Diálogos de pesquisadores: A migração extracontinental






Desde que saí do Unicuritiba tenho continuado minha formação acadêmica cursando um Mestrado em Direito. O conhecimento obtido durante minha graduação possibilitou debates intelectuais de alto nível com pesquisadores de diversos países, como é o caso da Red Iberoamericana Juvenil de Derecho Administrativo – RIJDA, organização internacional de estudantes e pesquisadores do Direito Público da qual faço parte, e que surgiu como resultado do II Congreso Internacional de Estudiantes de Derecho Administrativo ocorrido na Universidade Nacional Autónoma do México (UNAM), em 2016. Aprendi muito sobre imigração em uma conversa com meu colega mexicano Alfonso Mendonza, um dos membros fundadores da RIJDA, a quem convidei para redigir o texto abaixo com aspectos centrais de sua pesquisa para o Blog Unicuritiba Fala Direito. 
(Alan José de Oliveira Teixeira - ex-integrante do Blog Unicuritiba Fala Direito)

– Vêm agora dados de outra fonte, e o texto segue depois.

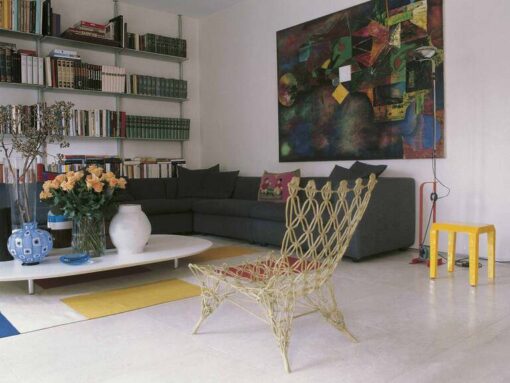 Knotted Chair - Cappellini - Image 5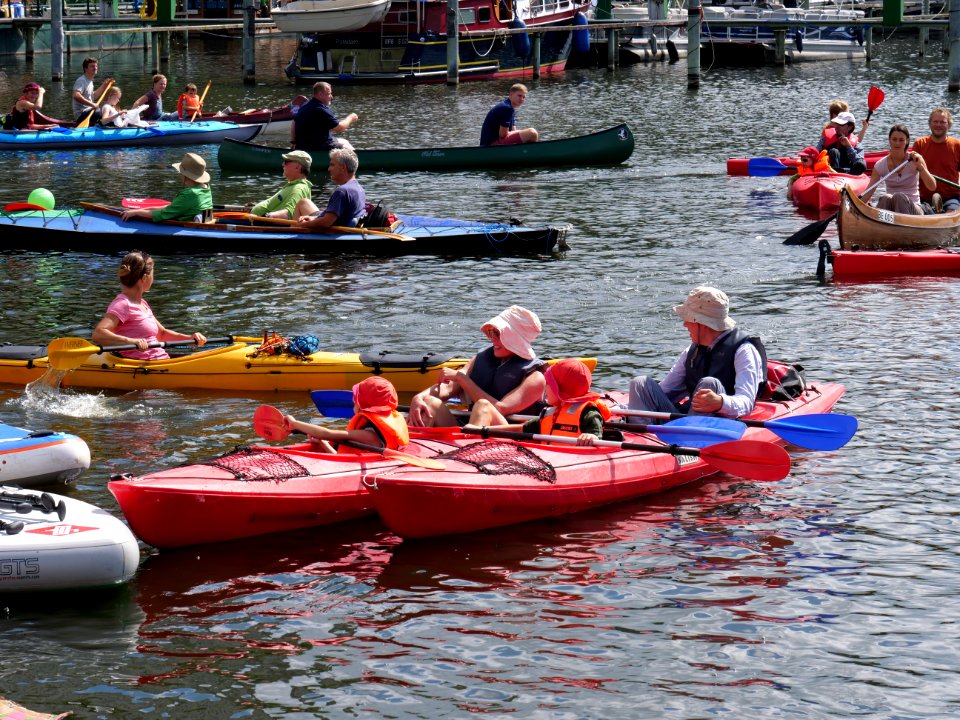Start of the Coal and Boat demonstration 2019 15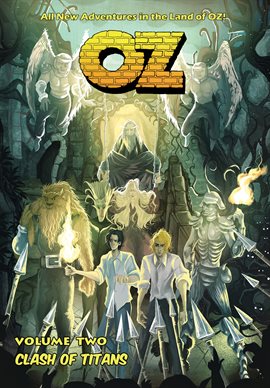 Cover image for OZ Vol. 2: Reunion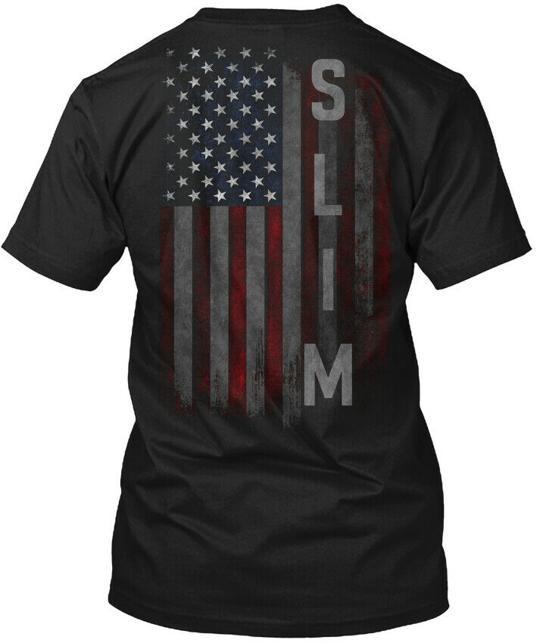 Slim Family American Flag T-Shirt Made in the USA Size S to 5XL S
Slim Family American Flag T-Shirt Made in the USA Size S to 5XL S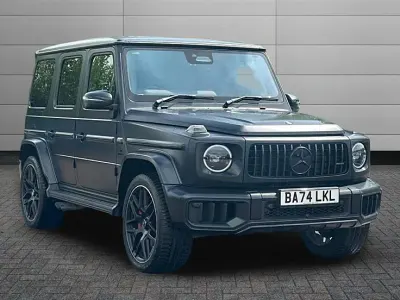 Used Mercedes G63 AMG Edition 585 HP (430 kW) 2024 Night black SUV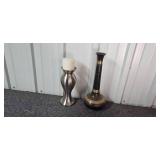 Set of 5ecorative Vases and Candle Holder Assortment Set of 5ecorative Vases and Candle Holder Assortment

A migração extracontinental



Alfonso Mendoza-Juárez*



A migração é um tema complexo e de grande importância a nível mundial. É um fenômeno social por meio do qual uma ou mais pessoas mudam de seu lugar de origem para outro, de forma temporal ou permanente. O deslocamento pode ocorrer com o mesmo povo, dentro da cidade, país, ou de um país para outro.

A migração mais conhecida é a de pessoas que mudam de um país para outro. A Organização das Nações Unidas (ONU) estima a existência de 254 milhões de migrantes internacionais.[1] Nesse contexto, fala-se então em país de origem (onde os migrantes moravam), país de trânsito (país onde os migrantes transitam pelo mar, ar ou terra) e país de destino (onde os migrantes querem chegar).

As origens da migração têm muitas vertentes, e pode ser pelo interesse de um indivíduo, por questões pessoais, acadêmicas, de turismo, pela falta de trabalho no país de origem, pela existência de violência, fome etc. Porém, quando o trânsito acontece de forma irregular, as pessoas são mais vulneráveis à violência, morte, fome, tortura, desaparecimento e ao tráfico humano.

Pela importância, há muitos acordos internacionais sobre a proteção de migrantes, tais como:

·               Declaração de New York pelos Refugiados e os migrantes

·               Convenção Internacional sobre a Proteção dos direitos de todos os trabalhadores migrantes e suas famílias (1990)

·               Pacto Mundial para uma Migração Segura, Ordenada e Regular (2018)





A migração na América-Latina



Os países da América Latina têm muitas semelhanças em sua História e Cultura. Mas, cada um também têm suas diferenças culturais que os fazem únicos no mundo. Por exemplo, o carnaval brasileiro, a Guelaguetza mexicana, o festival internacional de Salsa na Colombia, o Machu Pichu no Perú.

Ademais, tais países ainda enfrentam problemas que aproximam suas realidades, quais sejam: corrupção, divisão nacional, falta de recursos públicos, acesso à justiça, credibilidade da mídia, uma crise no exercício e na defensa dos direitos humanos etc. Essa conjuntura pode ser referida como “Os males da América-Latina”[2].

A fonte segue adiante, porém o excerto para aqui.